The relatively recent spate of near-frenzied drilling and hydraulic fracturing activity in a plethora of unconventional reservoirs prompted the production of massive volumes of hydrocarbons.
Yet a good bit of this fast-paced drilling action was triggered by the need to retain lease holdings.
Along the way, an unwelcome combination of increased well spacing and inefficient completions became the norm in many areas. The adage “haste makes waste” soon came to plague the operators, given that their hurried efforts sometimes led to inadequate drainage of the target hydrocarbon-bearing reservoirs.
It was determined that the logical and obvious strategies to address this dilemma are to re-fracture the existing wells and drill infills.
It’s widely known that refracturing a horizontal well can help to reduce the interaction between so-called parent and child wells by causing a high stress area around the refractured wells and diverting child well fractures away from the parent well.
This leads to improved productivity and recovery of both, according to Ripudaman Manchanda, research associate at the Department of Petroleum and Geosystems Engineering, University of Texas-Austin.
Biased Fluid Distribution
But we’re talking a whole new game here, and challenges abound.
For starters, re-fracturing a partly depleted horizontal well can lead to ineffective re-stimulation of the depleted intervals, even though diverting agents are employed with the goal to divert fluid and proppant to the non-depleted zones.
In large part, the problem is the geology.
Reservoir heterogeneity, for example, plays a key role in preventing horizontal well fractures from being identical. Adding to the complexity, stimulation to create fractures is implemented in sections or stages along the laterals, which further encourages non-uniform depletion along the well.
During the refracturing procedure, the stimulation treatment entails injection of fluid slurry into the total well, meaning individual fractures are not isolated during this procedure. And diverting agents used in refracturing can accomplish only so much.
Low depletion areas harbor lower pore pressure and lower in-situ stress in the rock matrix adjacent to the fractures, Manchanda pointed out. Therefore, during the restimulation process, the injected fluid is attracted here, with the unwanted result being a biased fluid distribution.
This negates the refracturing process goal to stimulate un-depleted regions of the reservoir, demanding a serious new look at this challenging scenario.
A possible solution to overcome the fluid distribution bias resulting from non-uniform depletion: slow injection.
Manchanda explained that this method involves injecting fluid — liquid or gas — slowly, for hours or even days, prior to pumping the scheduled refracturing operation.
Doing so helps to reduce the bias by inducing a kindred pore pressure adjacent to all of the well’s fractures.

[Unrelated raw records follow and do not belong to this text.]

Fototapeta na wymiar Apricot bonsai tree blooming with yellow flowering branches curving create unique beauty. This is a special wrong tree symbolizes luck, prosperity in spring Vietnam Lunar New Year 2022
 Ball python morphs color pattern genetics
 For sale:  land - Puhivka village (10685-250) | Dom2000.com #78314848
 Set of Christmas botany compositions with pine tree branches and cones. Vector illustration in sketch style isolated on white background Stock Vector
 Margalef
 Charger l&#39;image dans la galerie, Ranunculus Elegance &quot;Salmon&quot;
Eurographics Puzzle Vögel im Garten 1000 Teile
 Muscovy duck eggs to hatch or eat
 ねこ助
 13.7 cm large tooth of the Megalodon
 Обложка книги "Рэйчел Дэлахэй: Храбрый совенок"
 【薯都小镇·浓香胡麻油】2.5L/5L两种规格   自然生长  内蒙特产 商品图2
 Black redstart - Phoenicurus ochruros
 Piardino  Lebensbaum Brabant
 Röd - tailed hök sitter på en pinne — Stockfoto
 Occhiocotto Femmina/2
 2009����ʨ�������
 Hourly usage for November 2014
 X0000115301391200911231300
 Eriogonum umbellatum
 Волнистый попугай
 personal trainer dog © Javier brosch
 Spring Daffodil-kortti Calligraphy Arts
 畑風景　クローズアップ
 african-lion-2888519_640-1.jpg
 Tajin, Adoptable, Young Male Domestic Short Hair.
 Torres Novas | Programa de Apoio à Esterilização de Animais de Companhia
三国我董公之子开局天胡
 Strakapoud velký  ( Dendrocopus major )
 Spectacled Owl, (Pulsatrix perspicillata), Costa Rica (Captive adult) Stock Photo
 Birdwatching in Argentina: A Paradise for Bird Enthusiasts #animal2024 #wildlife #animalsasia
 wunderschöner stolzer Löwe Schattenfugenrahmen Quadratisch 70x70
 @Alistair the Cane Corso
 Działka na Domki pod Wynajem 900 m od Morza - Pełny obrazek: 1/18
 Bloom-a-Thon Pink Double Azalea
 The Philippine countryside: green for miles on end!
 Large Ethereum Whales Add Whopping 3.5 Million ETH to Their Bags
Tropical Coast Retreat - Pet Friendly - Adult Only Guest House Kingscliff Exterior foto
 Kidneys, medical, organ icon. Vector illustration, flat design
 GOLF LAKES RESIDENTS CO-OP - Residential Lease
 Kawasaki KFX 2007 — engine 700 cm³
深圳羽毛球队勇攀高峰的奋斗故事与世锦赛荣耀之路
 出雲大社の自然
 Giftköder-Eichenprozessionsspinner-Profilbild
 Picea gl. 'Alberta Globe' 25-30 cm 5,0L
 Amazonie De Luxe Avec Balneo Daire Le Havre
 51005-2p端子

In other words, slow injection can at least temporarily mitigate the near-fracture and near-wellbore effect of depletion on fluid diversion and fracture initiation.
This unique slow-injection strategy was simulated using a fully 3-D poro-elastic geomechanics model called Multi-Frac, which is a PC-based and cluster-based simulator used to design and optimize hydraulic fracturing in pad-scale operations.
“The results helped with understanding the impact this slow injection phase has on the pressures and stresses that develop during depletion and re-pressurization,” Manchanda said.
“This helps to design the rate and duration of the slow injection to efficiently re-fracture depleted wells,” he emphasized.
The University of Texas is the sponsor of the Multi-Frac development. In fact, the tool is based on the Framework for Research and Operations in General Geomechanics (FROGG) libraries, developed at UT-Austin over the course of the past 15 years, according to Manchanda.
Designed to be used by completions, production and reservoir engineers, Multi- Frac has been used a number of times in the field. It has proven to optimize both fracture spacing and sequencing along with well spacing for some notable unconventional plays. These include the Bakken, Eagle Ford, Barnett and Marcellus, along with Permian Basin locales.
Typical of new technology, Multi-Frac has been a long time in the making.
“What we have in place now is the work of about 10 years,” Manchanda emphasized.
“The first field project I was involved with using technology similar to Multi-Frac was about 2010.” he said. “The project was in the Barnett and lasted about two years; we did several wells and used this to plan for fracturing future wells.”
So, even though it was developed inside UT, there’s documented proof that it works in the field.
And it’s available — just not off-the-shelf.
“People come to us to get help, and that’s when they’re able to use it, so we continuously do projects with companies who provide us with funding,” Manchanda said.